Le magistrat avait ainsi clos
son parcours judiciaire dans la ville qui l’avait vu naître. Une façon de
« boucler la boucle » ? Pas vraiment, puisque depuis juin 2022, il
était membre de la commission nationale indépendante de reconnaissance et de
réparation des préjudices subis par les harkis. Par ailleurs, il avait rejoint
récemment le Conseil supérieur des tribunaux administratifs et cours
administratives d’appel.
« Son souci
d’équité », « son humanité légendaire »
« Attaché à la
dimension humaine de ses fonctions », Bernard Keime Robert-Houdin « a
eu particulièrement à cœur de faire vivre les équipes de magistrats et de
fonctionnaires. Il a aussi beaucoup œuvré pour (…) développer la médiation et
l’accès au droit », rapporte la cour d’appel de Versailles, qui parle d’un
homme « très apprécié pour son écoute attentive, son souci permanent
d’équité et d’équilibre, son accessibilité ».
De son côté, le
directeur de l’HEDAC (Haute École des avocats conseils, école d'avocats de
Versailles), l’avocat Benoît Dumontet, a salué un homme qui était « particulièrement
attaché à la qualité des relations avocats / magistrats ainsi qu’à la confiance
réciproque » entre ces deux professions, mais également qui « aimait
à former et à transmettre aux plus jeunes » : « Il
mettait un point d’honneur, chaque année, à recevoir personnellement la
prestation de serment de chacun de nos nouveaux élèves-avocats de l’HEDAC (…).

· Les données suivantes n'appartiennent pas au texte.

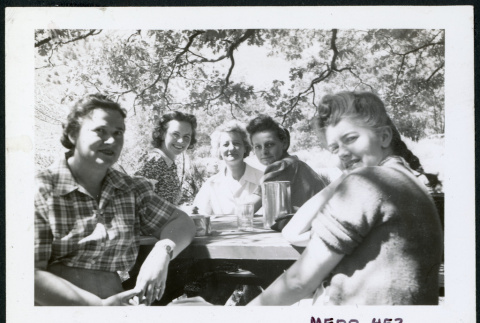 Photograph of five women sitting around a picnic bench, including Lucy Adams, Gertrude Wetzel, Bernice Sibner, and Lucy Wilcox (ddr-csujad-47-303)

Il était heureux d’être chaque année membre de nos jurys du CAPA afin
d’apprécier et évaluer avec bienveillance nos futurs confrères »,
a-t-il écrit hier sur LinkedIn.
Dans un post sur le même réseau social, Ghani
Bouguerra, président de chambre à la cour d’appel d’Aix-en-Provence, a quant à
lui témoigné toute sa reconnaissance à l’égard d’un « très grand magistrat,
tant par ses compétences unanimement reconnues, que par son humanité, sa
bienveillance, son écoute, mais aussi pour son humilité légendaire ». « Ayant servi sous
son autorité, je lui dois beaucoup (…). Il a, indéniablement, fait de moi le
chef de juridiction que j'ai été. L'institution judiciaire, au bon fonctionnement de
laquelle Bernard Keime continuait de contribuer alors qu'il avait pris sa
retraite au début de l'année 2022, perd un exemplaire et très grand serviteur ».